ホークス吉村、奇跡的サヨナラ弾 工藤監督「すごいの一言でございます」

16打席無安打の吉村が2打席連続の大貢献弾「打てないくらいでどうこう言っていてはダメ」

 ソフトバンクは17日、本拠地での楽天戦で劇的サヨナラ勝ちを飾り、連勝を6に伸ばした。その主役は、開幕から16打席ヒットがなかった吉村裕基だ。

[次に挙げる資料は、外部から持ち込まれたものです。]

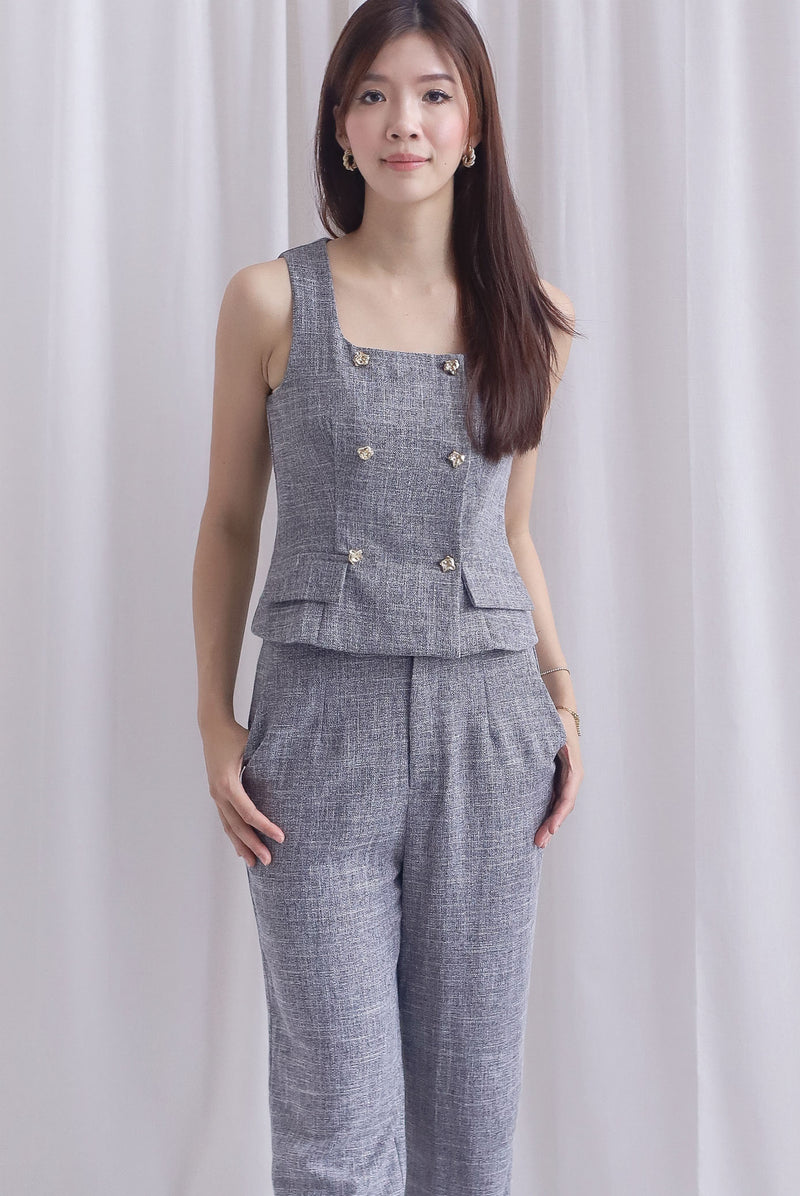 Steffi Gold Buttons Tweed Vest Top In Black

 まずは、4-7と3点差で迎えた9回裏2死一、二塁の場面。楽天の守護神・松井祐樹から、右翼ホームランテラスへ起死回生の同点3ラン。そして、7-7の同点のまま迎えた延長12回。無死一塁から、今度は左中間スタンドへサヨナラ2ラン。今季17打席目の初ヒットがチームを救う一発となり、続く2本目のヒットがチームに6連勝をもたらす劇的な一発となった。

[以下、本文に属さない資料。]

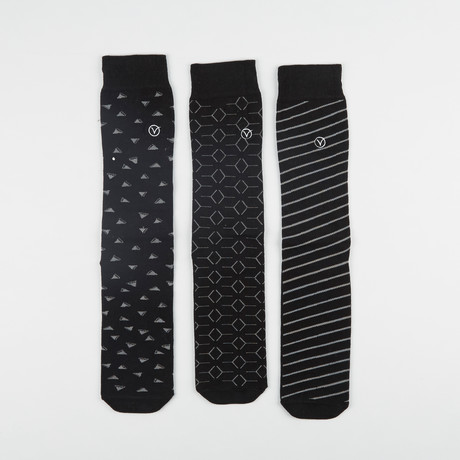 Simple Classic Combo 1 // Black + Grey Dress Socks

「(開幕からノーヒットで)ボク的には悔しい状況が続いたが、あの地震があって、打てないくらいでどうこう言っていてはダメだ、と。監督・コーチも温かいアドバイスをくださるし、そういう声が力になった。何とか被災地の力になろうと、ホークス全員、そして他球団の選手全員がプレーしている。ボクたちには野球しかできないが、今は一生懸命がんばっていきたい」

『気は優しくて力持ち』―吉村は、そんな言葉を地でいく男だ。お立ち台後の会見でも「野球ができていることが幸せ。調子が悪い時にも声援をくれるファンがいて、そういうファンからいつも勇気をもらっている。今はボクらがどれだけ勇気を与えられるか」と、隣県の被災地に思いを馳せた。